Inside a part of the Queen Victoria Building in central Sydney.
The Queen Victoria Building (QVB) was finished in 1887. It housed markets until 1910. Then it was renovated into a mixture of commerce, crafts and skills. There were shops, studios, offices and workrooms for some two hundred traders, dealers and artisans. Housed within the upper galleries were bookshops, sheet music shops, piano-sellers and piano-tuners, as well as the salons of private teachers of music, dancing, singing, elocution, painting, sculpting, drawing and dressmaking. There were also sports including a billiards saloon, a gymnasium for ladies and a table tennis hall.
Notwithstanding all the tenants the QVB did not generate a profit for its owners, the Council of the City of Sydney for over the 100 years they owned it. Consequently every 20 or 30 years there were serious moves to demolish the QVB and build a car park or gardens or another building.
Various groups had many fights to keep it standing and it underwent extensive renovations in 1979–1986 and 2006–2009 after the National Trust declared it to be a Class A building of historical importance.

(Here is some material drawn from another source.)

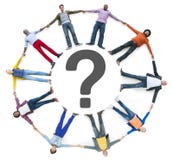 Gente multiétnica que se acuesta y signo de interrogación imágenes de archivo libres de regalías Gente multiétnica que se acuesta y signo de interrogación imágenes de archivo libres de regalías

The QVB is now a huge retail building generating profits to its latest owner, The Government Investment Corporation of Singapore (since 1984).
It’s now a landmark building in the centre of Sydney.
Thanks. I really haven’t captured how big this building is so I might have to go back!!
Ian
Thanks. As I said I going to have to take a photo of the outside of the building as well.
And to think they whoever they are wanted to tear it down.